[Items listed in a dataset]
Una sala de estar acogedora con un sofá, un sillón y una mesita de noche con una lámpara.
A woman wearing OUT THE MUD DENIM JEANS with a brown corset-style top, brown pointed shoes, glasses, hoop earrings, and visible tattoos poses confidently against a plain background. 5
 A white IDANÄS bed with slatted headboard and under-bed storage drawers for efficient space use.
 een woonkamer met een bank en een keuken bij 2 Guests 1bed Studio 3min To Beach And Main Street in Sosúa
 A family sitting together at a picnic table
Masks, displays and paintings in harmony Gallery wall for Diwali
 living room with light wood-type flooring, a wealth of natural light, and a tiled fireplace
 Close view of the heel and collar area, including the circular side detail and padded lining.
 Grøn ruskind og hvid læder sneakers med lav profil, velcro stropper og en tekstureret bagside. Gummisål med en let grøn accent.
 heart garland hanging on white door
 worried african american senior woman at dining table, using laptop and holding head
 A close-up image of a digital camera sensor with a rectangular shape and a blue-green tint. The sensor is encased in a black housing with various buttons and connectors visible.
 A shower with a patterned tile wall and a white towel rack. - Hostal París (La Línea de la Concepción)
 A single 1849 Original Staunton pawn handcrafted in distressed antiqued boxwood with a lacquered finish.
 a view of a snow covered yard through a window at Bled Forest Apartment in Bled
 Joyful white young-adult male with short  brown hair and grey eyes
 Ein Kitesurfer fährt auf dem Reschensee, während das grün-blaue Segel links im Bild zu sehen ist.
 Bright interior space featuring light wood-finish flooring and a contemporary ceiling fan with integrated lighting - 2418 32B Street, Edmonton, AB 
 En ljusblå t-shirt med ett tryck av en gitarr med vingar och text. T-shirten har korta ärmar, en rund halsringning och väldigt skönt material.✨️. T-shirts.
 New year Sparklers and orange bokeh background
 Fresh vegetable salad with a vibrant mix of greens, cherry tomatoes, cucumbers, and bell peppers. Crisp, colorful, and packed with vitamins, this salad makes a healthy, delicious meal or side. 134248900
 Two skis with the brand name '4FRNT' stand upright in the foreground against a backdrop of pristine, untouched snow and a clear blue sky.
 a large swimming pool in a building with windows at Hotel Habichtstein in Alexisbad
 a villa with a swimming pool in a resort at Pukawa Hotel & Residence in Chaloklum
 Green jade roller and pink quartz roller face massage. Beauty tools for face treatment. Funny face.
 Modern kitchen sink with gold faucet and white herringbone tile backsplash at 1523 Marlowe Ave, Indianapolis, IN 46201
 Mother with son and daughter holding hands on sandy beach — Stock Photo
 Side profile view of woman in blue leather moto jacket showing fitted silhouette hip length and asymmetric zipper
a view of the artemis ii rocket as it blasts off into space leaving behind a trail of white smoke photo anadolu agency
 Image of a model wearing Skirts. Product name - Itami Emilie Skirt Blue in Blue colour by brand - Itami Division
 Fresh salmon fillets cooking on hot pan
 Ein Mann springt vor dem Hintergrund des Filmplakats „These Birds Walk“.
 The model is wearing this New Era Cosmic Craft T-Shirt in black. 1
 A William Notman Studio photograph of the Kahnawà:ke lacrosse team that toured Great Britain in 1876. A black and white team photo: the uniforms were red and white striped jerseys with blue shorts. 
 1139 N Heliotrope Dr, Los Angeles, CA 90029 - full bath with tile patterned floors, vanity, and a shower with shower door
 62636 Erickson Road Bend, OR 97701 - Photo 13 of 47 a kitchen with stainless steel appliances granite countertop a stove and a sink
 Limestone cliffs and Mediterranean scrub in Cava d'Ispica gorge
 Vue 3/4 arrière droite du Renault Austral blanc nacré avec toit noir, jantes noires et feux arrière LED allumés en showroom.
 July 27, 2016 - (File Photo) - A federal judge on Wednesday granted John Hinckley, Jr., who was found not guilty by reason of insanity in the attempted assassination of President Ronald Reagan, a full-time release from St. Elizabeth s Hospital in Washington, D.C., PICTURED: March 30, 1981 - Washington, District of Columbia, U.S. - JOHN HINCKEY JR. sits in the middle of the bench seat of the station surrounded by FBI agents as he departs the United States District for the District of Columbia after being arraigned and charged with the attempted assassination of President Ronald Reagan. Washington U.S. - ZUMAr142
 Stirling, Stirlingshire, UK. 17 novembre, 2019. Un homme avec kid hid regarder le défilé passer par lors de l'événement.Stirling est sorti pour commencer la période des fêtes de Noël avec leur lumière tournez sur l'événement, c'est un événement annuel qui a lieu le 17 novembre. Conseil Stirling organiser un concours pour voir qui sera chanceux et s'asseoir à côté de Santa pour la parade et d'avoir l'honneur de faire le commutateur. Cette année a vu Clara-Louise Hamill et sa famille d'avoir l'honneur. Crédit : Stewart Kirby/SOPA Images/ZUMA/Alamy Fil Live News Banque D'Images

**THE PROBLEM**
Every word of the data above should be given again, exactly as it stands.

**ANSWER BELOW**
Una sala de estar acogedora con un sofá, un sillón y una mesita de noche con una lámpara.
A woman wearing OUT THE MUD DENIM JEANS with a brown corset-style top, brown pointed shoes, glasses, hoop earrings, and visible tattoos poses confidently against a plain background. 5
 A white IDANÄS bed with slatted headboard and under-bed storage drawers for efficient space use.
 een woonkamer met een bank en een keuken bij 2 Guests 1bed Studio 3min To Beach And Main Street in Sosúa
 A family sitting together at a picnic table
Masks, displays and paintings in harmony Gallery wall for Diwali
 living room with light wood-type flooring, a wealth of natural light, and a tiled fireplace
 Close view of the heel and collar area, including the circular side detail and padded lining.
 Grøn ruskind og hvid læder sneakers med lav profil, velcro stropper og en tekstureret bagside. Gummisål med en let grøn accent.
 heart garland hanging on white door
 worried african american senior woman at dining table, using laptop and holding head
 A close-up image of a digital camera sensor with a rectangular shape and a blue-green tint. The sensor is encased in a black housing with various buttons and connectors visible.
 A shower with a patterned tile wall and a white towel rack. - Hostal París (La Línea de la Concepción)
 A single 1849 Original Staunton pawn handcrafted in distressed antiqued boxwood with a lacquered finish.
 a view of a snow covered yard through a window at Bled Forest Apartment in Bled
 Joyful white young-adult male with short  brown hair and grey eyes
 Ein Kitesurfer fährt auf dem Reschensee, während das grün-blaue Segel links im Bild zu sehen ist.
 Bright interior space featuring light wood-finish flooring and a contemporary ceiling fan with integrated lighting - 2418 32B Street, Edmonton, AB 
 En ljusblå t-shirt med ett tryck av en gitarr med vingar och text. T-shirten har korta ärmar, en rund halsringning och väldigt skönt material.✨️. T-shirts.
 New year Sparklers and orange bokeh background
 Fresh vegetable salad with a vibrant mix of greens, cherry tomatoes, cucumbers, and bell peppers. Crisp, colorful, and packed with vitamins, this salad makes a healthy, delicious meal or side. 134248900
 Two skis with the brand name '4FRNT' stand upright in the foreground against a backdrop of pristine, untouched snow and a clear blue sky.
 a large swimming pool in a building with windows at Hotel Habichtstein in Alexisbad
 a villa with a swimming pool in a resort at Pukawa Hotel & Residence in Chaloklum
 Green jade roller and pink quartz roller face massage. Beauty tools for face treatment. Funny face.
 Modern kitchen sink with gold faucet and white herringbone tile backsplash at 1523 Marlowe Ave, Indianapolis, IN 46201
 Mother with son and daughter holding hands on sandy beach — Stock Photo
 Side profile view of woman in blue leather moto jacket showing fitted silhouette hip length and asymmetric zipper
a view of the artemis ii rocket as it blasts off into space leaving behind a trail of white smoke photo anadolu agency
 Image of a model wearing Skirts. Product name - Itami Emilie Skirt Blue in Blue colour by brand - Itami Division
 Fresh salmon fillets cooking on hot pan
 Ein Mann springt vor dem Hintergrund des Filmplakats „These Birds Walk“.
 The model is wearing this New Era Cosmic Craft T-Shirt in black. 1
 A William Notman Studio photograph of the Kahnawà:ke lacrosse team that toured Great Britain in 1876. A black and white team photo: the uniforms were red and white striped jerseys with blue shorts. 
 1139 N Heliotrope Dr, Los Angeles, CA 90029 - full bath with tile patterned floors, vanity, and a shower with shower door
 62636 Erickson Road Bend, OR 97701 - Photo 13 of 47 a kitchen with stainless steel appliances granite countertop a stove and a sink
 Limestone cliffs and Mediterranean scrub in Cava d'Ispica gorge
 Vue 3/4 arrière droite du Renault Austral blanc nacré avec toit noir, jantes noires et feux arrière LED allumés en showroom.
 July 27, 2016 - (File Photo) - A federal judge on Wednesday granted John Hinckley, Jr., who was found not guilty by reason of insanity in the attempted assassination of President Ronald Reagan, a full-time release from St. Elizabeth s Hospital in Washington, D.C., PICTURED: March 30, 1981 - Washington, District of Columbia, U.S. - JOHN HINCKEY JR. sits in the middle of the bench seat of the station surrounded by FBI agents as he departs the United States District for the District of Columbia after being arraigned and charged with the attempted assassination of President Ronald Reagan. Washington U.S. - ZUMAr142
 Stirling, Stirlingshire, UK. 17 novembre, 2019. Un homme avec kid hid regarder le défilé passer par lors de l'événement.Stirling est sorti pour commencer la période des fêtes de Noël avec leur lumière tournez sur l'événement, c'est un événement annuel qui a lieu le 17 novembre. Conseil Stirling organiser un concours pour voir qui sera chanceux et s'asseoir à côté de Santa pour la parade et d'avoir l'honneur de faire le commutateur. Cette année a vu Clara-Louise Hamill et sa famille d'avoir l'honneur. Crédit : Stewart Kirby/SOPA Images/ZUMA/Alamy Fil Live News Banque D'Images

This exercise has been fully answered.